You are viewing a plain text version of this content. The canonical link for it is here.
Posted to issues@hbase.apache.org by "Wellington Chevreuil (Jira)" <ji...@apache.org> on 2021/05/06 10:20:00 UTC
[jira] [Commented] (HBASE-25857) HBase bulk import fails with
exitCode -100
[ https://issues.apache.org/jira/browse/HBASE-25857?page=com.atlassian.jira.plugin.system.issuetabpanels:comment-tabpanel&focusedCommentId=17340132#comment-17340132 ]
Wellington Chevreuil commented on HBASE-25857:
----------------------------------------------
Please use HBase Dev List <de...@hbase.apache.org> for such discussions. Jira should be used solely for bug reporting or new features/enhancements efforts.
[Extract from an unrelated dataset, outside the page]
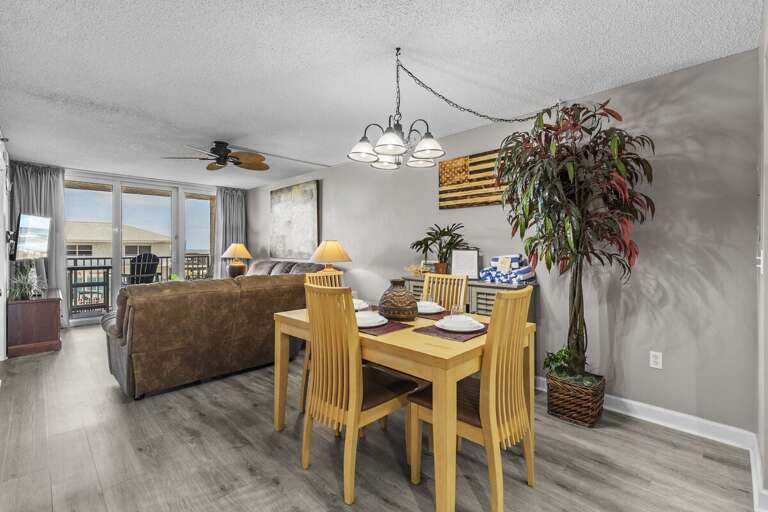 Versatile living and dining combo comfortably seats four, ideal for shared meals and relaxation.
This one has not identified a particular hbase bug, it's more of a user issue, apparently with yarn.
> HBase bulk import fails with exitCode -100
> ------------------------------------------
>
> Key: HBASE-25857
> URL: https://issues.apache.org/jira/browse/HBASE-25857
> Project: HBase
> Issue Type: Bug
> Affects Versions: 2.2.5
> Reporter: ZFabrik
> Priority: Major
>
> I want to import the data from an HBase 1.0 cluster to our new HBase 2.2.5 cluster.
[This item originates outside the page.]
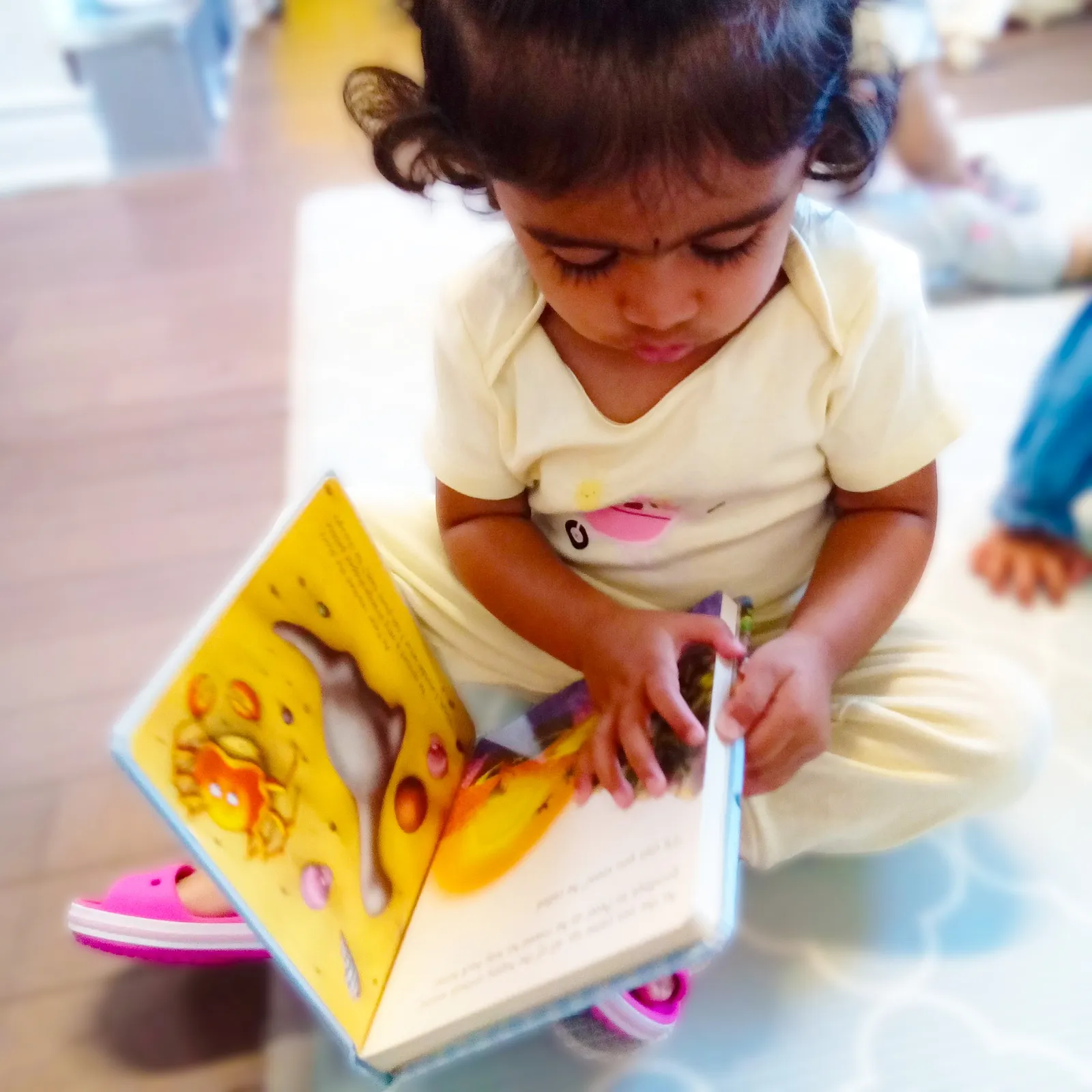 A toddler absorbed in a picture book at ACE Montessori.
> Our setup is as follows:
> * 6 data nodes with 250GB disc space each
> * total DFS capacity (as reported by Hadoop): 1.46 TB
> * one additional node running namenode, hmaster, resource manager
> The data I'm trying to import was created by HBase export on the 1.0 HBase cluster and take 14.9 GB in HDFS (due to `hdfs dfs -du -h`)
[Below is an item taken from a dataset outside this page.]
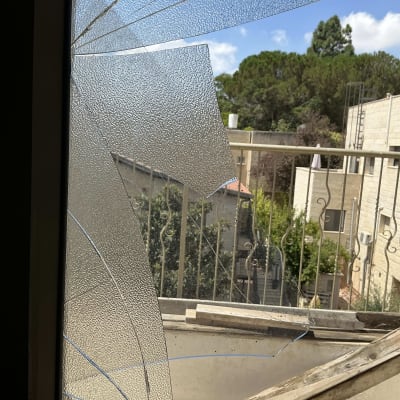 זכוכית שבורה במרפסת עם נוף לעצים ובניינים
> The import uses bulk-output with `hasLargeResult=true:`
> {noformat}
> > hdfs dfs -du -h /
> 2.6 G /TMP_IMPORT
> ...
> > yarn jar $HBASE_HOME/lib/hbase-mapreduce-2.2.5.jar import \
> -Dmapreduce.map.speculative=false \
> -Dmapreduce.reduce.speculative=false \
> -Dimport.bulk.output=/HFILES \
> -Dimport.bulk.hasLargeResult=true \
> my_table /TMP_IMPORT
> {noformat}
>
> Approximately 3 hours later the import fails with this error messages:
> {noformat}
> Error: org.apache.hadoop.mapreduce.task.reduce.Shuffle$ShuffleError: error in shuffle in OnDiskMerger - Thread to merge on-disk map-outputs
> at org.apache.hadoop.mapreduce.task.reduce.Shuffle.run(Shuffle.java:134)
> at org.apache.hadoop.mapred.ReduceTask.run(ReduceTask.java:376)
> at org.apache.hadoop.mapred.YarnChild$2.run(YarnChild.java:175)
> at java.security.AccessController.doPrivileged(Native Method)
> at javax.security.auth.Subject.doAs(Subject.java:422)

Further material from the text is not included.